Days later, her older brother tracked them down. He hacked Gul Meena’s friend to death with an axe and after 15 strokes, assumed he had killed his sister as well. Miraculously she survived, but with horrible scars and deficits.
It is now politically correct and fashionable to suggest that we must not judge other societies against our own. This perspective suggests a moral equivalence between value systems that are merely different from ours.
This is nonsense.
Violence against women is not an equivalent value. It is a crime. Sending a young teenager away to be raped and beaten by a sadist old enough to be her grandfather is not a value. It is a crime. Any society that condones these practices is morally inferior. A “tradition” of not giving women education or allowing them to exercise their free will is not a “value.” It is a moral failing. And it is despicable.
And this is not only about the “primitive” civilizations of the Middle East and beyond. We have been writing a lot about the Amanda Knox murder trial in Italy. The action of the Italian high court in ordering a new trial for two people who are clearly and demonstrably innocent shows that the Italian system of justice is inferior to ours. Yes, the American system makes mistakes, and we have not been reticent to point out those failings. But our appeals courts don’t have to reverse half of the convictions as the Italian courts do. And you may not like what our Supreme Court decides, but they don’t often do stupid things as the Italian Court of Cassation has just done.
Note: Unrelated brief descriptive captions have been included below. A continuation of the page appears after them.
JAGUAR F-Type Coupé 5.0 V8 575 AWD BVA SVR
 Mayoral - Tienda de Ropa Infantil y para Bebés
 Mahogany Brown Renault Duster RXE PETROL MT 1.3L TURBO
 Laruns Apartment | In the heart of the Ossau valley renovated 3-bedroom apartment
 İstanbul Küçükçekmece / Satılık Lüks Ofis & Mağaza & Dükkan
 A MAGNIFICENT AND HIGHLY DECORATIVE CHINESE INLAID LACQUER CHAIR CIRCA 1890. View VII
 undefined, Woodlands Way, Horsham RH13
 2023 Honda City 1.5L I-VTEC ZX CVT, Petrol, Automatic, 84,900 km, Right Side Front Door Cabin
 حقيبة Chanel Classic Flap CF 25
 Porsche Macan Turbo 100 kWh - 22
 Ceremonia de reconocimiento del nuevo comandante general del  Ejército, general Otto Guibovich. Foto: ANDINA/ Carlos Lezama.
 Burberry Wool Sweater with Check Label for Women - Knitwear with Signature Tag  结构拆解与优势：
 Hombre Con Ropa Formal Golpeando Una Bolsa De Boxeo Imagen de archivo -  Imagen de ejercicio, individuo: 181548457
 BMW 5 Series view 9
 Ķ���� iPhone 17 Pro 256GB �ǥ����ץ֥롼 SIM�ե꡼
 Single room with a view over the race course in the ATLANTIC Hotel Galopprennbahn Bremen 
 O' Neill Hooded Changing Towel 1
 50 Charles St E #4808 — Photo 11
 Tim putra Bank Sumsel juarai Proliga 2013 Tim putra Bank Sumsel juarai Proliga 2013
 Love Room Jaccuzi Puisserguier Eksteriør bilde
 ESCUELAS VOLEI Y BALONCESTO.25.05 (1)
When our system goes wrong, we need to admit it and try to make it better. But let’s not delude ourselves in the spirit of tolerance and liberality. Our values are not always “equal.” In many cases, they are a lot better.
And we should be proud of that.
Horrifying that in 2013 that this sort of thing still happens. Nothing can possibly be more perverted, sadistic, and downright evil. This is utter madness, fueled by deep rooted misogyny and protected by freedom of religion.
I pray she makes a full recovery and the repercussions against her brother and family are severe indeed, but I fear they will not be.
Thank you both for this truthful and candid post. I believe media is largely responsible for the misplaced “political correctness” in its attempt not to alienate or insult any demographic. That is where we get our information, and they sometimes tell us to be tolerant simply by their omission of carrying many such stories to the public. They tacitly tell us it’s not important enough to be talked about.
Wherever the blame lies, there are women everywhere cringing at the “tolerance” they see given to their abusers, outright criminals taking the rights and lives of others. We go to war for a handful of reasons, but it’s never been to free the women, and maybe it should be.
For decades, I have sung the praises of John Douglas as being the most important “feminist” on the planet in many ways, and I now add Mark Olshaker to that short list. Many thanks.
Dallas, TX
I am both moved and honored by your comments, and inspired to try to live up to them.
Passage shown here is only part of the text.